* ACTIVITY *
The response should be the lines of the data, starting at the first and ending at the one that contains "791 Mandalay Beach", copied without change.

(Crawled caption data)
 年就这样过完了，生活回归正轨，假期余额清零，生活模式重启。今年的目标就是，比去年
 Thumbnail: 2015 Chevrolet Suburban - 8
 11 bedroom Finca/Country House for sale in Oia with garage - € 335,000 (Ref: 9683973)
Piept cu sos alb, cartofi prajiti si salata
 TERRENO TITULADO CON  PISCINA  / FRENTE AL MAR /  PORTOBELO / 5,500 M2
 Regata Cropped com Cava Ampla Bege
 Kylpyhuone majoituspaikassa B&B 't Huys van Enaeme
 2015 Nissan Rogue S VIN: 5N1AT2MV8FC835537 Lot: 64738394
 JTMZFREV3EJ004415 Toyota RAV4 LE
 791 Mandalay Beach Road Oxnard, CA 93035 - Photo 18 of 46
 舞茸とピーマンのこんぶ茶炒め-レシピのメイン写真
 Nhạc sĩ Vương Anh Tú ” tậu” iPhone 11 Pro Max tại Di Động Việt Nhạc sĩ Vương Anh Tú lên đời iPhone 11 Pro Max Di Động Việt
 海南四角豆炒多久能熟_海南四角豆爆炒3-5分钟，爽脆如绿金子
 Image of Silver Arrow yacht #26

* ANSWER AREA *
 年就这样过完了，生活回归正轨，假期余额清零，生活模式重启。今年的目标就是，比去年
 Thumbnail: 2015 Chevrolet Suburban - 8
 11 bedroom Finca/Country House for sale in Oia with garage - € 335,000 (Ref: 9683973)
Piept cu sos alb, cartofi prajiti si salata
 TERRENO TITULADO CON  PISCINA  / FRENTE AL MAR /  PORTOBELO / 5,500 M2
 Regata Cropped com Cava Ampla Bege
 Kylpyhuone majoituspaikassa B&B 't Huys van Enaeme
 2015 Nissan Rogue S VIN: 5N1AT2MV8FC835537 Lot: 64738394
 JTMZFREV3EJ004415 Toyota RAV4 LE
 791 Mandalay Beach Road Oxnard, CA 93035 - Photo 18 of 46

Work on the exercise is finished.